> **Work order**: Scan the data below. Pull out each line where "Toyota" occurs.

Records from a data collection
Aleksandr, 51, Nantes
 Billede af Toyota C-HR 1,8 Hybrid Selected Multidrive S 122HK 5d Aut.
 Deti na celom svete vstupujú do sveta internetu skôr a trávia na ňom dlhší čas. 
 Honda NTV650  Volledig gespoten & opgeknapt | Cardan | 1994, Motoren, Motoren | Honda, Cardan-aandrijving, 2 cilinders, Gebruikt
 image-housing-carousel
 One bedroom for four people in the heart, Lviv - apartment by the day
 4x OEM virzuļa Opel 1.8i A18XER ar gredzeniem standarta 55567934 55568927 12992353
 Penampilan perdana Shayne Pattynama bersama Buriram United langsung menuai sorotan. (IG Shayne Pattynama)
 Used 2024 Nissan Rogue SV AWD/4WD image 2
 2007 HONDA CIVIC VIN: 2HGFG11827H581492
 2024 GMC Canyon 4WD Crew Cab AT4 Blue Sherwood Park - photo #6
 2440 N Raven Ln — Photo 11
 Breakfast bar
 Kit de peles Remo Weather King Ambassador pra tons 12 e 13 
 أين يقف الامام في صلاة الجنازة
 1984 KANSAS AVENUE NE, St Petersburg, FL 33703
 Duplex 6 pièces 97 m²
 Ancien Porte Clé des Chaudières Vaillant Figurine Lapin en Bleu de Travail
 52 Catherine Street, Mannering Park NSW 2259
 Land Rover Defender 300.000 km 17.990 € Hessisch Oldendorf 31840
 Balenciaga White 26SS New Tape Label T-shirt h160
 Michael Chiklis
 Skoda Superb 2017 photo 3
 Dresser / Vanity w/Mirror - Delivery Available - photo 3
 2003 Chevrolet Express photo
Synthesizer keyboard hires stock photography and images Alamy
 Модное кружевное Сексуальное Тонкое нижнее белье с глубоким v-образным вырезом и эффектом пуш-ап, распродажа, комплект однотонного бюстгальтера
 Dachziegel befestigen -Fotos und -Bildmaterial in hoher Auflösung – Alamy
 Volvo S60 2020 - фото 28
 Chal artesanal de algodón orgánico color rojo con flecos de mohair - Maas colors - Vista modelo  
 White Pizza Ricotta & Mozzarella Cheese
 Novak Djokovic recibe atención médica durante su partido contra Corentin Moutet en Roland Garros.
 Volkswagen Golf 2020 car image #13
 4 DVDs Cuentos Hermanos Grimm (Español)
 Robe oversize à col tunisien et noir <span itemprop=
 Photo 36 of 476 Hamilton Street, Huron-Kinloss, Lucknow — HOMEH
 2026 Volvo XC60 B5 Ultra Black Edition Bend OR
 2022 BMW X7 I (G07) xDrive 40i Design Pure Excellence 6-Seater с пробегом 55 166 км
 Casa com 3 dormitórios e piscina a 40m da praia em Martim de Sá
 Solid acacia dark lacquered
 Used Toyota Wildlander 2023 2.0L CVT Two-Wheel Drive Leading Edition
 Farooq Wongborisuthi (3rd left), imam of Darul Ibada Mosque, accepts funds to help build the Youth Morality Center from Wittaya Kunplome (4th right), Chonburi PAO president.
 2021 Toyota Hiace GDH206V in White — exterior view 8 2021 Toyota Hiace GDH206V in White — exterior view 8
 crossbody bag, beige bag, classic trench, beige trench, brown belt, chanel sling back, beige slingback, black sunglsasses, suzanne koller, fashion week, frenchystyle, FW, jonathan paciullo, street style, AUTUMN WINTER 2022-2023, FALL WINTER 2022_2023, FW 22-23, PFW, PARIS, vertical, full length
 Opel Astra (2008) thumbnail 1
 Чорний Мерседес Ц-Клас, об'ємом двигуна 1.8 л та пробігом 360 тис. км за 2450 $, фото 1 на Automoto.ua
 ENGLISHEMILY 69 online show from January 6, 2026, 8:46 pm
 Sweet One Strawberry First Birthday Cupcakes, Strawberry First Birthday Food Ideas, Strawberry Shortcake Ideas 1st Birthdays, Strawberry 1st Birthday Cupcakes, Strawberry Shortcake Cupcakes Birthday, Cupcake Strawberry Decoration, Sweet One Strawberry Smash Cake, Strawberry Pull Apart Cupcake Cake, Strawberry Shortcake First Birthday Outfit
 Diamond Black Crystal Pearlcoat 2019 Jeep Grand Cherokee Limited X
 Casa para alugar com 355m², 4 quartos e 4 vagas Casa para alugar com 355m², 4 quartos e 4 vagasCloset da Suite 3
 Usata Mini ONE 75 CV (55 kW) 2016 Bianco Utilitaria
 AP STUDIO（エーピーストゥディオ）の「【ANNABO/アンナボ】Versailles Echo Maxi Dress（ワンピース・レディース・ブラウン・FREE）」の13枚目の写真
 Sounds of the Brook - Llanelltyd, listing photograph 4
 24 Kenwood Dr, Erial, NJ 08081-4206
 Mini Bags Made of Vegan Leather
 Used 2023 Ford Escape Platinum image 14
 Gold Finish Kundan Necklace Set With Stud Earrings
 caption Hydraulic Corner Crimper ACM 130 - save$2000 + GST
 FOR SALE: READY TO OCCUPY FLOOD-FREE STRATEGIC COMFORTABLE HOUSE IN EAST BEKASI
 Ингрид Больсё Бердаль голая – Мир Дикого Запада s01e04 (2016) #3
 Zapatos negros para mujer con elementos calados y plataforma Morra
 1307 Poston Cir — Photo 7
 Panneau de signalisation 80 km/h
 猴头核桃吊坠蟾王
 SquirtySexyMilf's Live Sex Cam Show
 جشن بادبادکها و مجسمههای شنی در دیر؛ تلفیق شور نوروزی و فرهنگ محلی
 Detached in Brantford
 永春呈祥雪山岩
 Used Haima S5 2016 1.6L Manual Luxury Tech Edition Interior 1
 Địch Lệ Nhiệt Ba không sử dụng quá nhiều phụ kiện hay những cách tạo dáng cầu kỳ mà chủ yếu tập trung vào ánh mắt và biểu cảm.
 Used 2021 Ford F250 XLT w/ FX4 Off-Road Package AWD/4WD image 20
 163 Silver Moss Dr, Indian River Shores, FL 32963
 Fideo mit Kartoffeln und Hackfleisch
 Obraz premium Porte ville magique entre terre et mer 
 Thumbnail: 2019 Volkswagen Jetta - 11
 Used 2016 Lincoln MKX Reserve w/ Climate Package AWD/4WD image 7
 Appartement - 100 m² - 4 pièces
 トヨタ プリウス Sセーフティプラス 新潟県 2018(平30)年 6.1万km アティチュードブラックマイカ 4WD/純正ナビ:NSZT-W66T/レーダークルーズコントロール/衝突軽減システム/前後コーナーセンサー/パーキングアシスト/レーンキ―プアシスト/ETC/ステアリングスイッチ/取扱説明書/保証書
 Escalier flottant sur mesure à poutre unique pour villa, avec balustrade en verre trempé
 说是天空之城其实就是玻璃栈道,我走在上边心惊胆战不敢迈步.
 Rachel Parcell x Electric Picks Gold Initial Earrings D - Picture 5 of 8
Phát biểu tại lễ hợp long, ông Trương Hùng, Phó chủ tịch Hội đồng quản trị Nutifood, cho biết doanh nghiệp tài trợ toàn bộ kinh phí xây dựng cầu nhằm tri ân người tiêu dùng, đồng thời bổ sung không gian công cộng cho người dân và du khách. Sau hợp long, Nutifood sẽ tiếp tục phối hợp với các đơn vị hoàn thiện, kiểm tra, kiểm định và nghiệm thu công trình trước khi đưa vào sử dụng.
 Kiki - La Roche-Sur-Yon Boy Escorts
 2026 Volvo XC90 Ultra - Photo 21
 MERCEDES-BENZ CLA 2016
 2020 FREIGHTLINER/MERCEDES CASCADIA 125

> **Expected output**:
 Billede af Toyota C-HR 1,8 Hybrid Selected Multidrive S 122HK 5d Aut.
 Used Toyota Wildlander 2023 2.0L CVT Two-Wheel Drive Leading Edition
 2021 Toyota Hiace GDH206V in White — exterior view 8 2021 Toyota Hiace GDH206V in White — exterior view 8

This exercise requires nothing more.